Nineteen-year-old Zoliswa Nkonyana, who lived openly as a lesbian, was stoned and stabbed to death outside of an informal bar in the Khayelitsha Township in 2006.
The four attackers -- Lubabalo Ntlabathi, Sicelo Mase, Luyanda Londzi and Mbulelo Damba -- who were minors at the time of the crime, were convicted of the murder in October.
“Life is about choice, magistrate Raadiyah Wathen said after the sentencing on Wednesday.
Zoliswa Nkonyana didn’t have the freedom to live out her choice. Violence will not go unpunished.”
Sexual violence and hate crimes are shockingly prevalent in post-apartheid South Africa. The country has one of the highest rates of child sexual abuse and baby rape in the world, due to the commonly held belief that having sex with a virgin will cure a man of HIV/AIDS. Additionally, a high percentage of schoolchildren don't believe that non-consensual sex counts as a form of violence.

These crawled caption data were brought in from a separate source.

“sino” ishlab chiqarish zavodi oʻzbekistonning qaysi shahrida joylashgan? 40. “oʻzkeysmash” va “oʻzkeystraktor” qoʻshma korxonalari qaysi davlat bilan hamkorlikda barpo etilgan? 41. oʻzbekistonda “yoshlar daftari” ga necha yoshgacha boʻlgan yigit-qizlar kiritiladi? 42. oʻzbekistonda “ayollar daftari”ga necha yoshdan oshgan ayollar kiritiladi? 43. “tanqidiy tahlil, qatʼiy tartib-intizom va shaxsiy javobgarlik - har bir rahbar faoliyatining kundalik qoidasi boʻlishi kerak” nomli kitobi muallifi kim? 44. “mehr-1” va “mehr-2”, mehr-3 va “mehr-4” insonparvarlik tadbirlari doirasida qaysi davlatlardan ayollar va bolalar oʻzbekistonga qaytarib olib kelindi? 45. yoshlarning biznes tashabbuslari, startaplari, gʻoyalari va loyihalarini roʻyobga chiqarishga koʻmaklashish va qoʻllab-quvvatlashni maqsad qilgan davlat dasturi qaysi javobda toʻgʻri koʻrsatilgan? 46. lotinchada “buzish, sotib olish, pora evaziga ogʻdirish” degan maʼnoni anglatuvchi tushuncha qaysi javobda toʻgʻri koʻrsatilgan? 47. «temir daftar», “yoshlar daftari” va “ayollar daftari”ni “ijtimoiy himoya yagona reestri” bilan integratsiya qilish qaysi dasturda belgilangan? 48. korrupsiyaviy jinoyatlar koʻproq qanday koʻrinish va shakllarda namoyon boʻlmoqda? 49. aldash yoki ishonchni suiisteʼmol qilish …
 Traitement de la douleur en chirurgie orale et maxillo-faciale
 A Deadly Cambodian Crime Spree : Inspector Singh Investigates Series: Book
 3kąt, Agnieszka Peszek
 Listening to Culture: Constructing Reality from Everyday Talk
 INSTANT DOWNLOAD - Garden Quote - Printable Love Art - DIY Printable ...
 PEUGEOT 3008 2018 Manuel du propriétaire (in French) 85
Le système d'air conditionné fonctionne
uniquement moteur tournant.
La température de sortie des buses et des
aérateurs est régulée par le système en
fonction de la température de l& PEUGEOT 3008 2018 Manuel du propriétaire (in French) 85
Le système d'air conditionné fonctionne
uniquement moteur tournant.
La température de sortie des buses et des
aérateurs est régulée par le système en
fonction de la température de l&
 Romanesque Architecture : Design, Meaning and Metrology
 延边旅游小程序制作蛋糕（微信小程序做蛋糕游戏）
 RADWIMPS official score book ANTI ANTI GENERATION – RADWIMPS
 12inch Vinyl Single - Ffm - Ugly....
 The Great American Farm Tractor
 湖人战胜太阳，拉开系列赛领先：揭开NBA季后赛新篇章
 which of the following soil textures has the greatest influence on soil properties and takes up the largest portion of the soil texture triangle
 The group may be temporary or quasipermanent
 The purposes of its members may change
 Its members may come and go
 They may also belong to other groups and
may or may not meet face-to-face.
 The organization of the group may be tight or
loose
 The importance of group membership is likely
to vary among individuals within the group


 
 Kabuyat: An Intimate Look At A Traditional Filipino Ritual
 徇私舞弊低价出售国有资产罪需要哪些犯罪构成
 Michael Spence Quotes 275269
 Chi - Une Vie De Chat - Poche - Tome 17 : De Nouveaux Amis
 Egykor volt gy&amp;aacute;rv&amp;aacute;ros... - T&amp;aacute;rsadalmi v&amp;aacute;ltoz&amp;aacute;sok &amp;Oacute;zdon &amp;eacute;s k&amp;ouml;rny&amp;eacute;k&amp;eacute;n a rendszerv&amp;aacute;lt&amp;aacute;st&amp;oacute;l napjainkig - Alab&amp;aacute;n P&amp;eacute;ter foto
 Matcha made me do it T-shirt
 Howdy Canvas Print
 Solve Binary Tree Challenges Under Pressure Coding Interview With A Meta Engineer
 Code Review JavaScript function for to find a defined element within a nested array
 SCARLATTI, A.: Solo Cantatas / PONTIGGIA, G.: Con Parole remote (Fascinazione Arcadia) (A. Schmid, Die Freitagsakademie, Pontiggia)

Lesbians are also the target of violence -- both sexual and non-sexual. Corrective rape is also rampant in the country, and men believe that raping a lesbian will convert her into a heterosexual.
Every day I am told that they are going to kill me, that they are going to rape me and after they rape me I'll become a girl, Zakhe Sowello from Soweto, Johannesburg, told The Guardian in 2009. When you are raped you have a lot of evidence on your body. But when we try and report these crimes nothing happens, and then you see the boys who raped you walking free on the street.
The most famous case of corrective rape was the murder of Eudy Simelane. Simelane was a popular player on South African's national women's soccer team and one of the country's first openly gay LGBT rights activists. In April 2008, Simelane was gang-raped, beaten and finally stabbed 25 times. Her body was found in a creek outside of Johannesburg.
Two of the four men who attacked Simelane were convicted of rape and murder and sentenced to life in prison. The other two were acquitted.
Simelane's murder was the impetus for South African Human Rights Commission's campaign to make hate crimes and corrective rapes a distinct category in the nation's penal code.
The Nkonyana verdict marked an important moment in the quest for equal rights and was a landmark case because a magistrate acknowledged that hatred and homophobia were motives for the murder. Activists sang and danced outside the court house, and let out a loud cheer when the men were given their sentence.
It is the first case in South Africa where sexual orientation and identity was named and recognized as an aggravating factor in a murder trial, Marlow Newman-Valentine, Deputy Director of African LGBT rights group The Triangle Project, told MSNBC.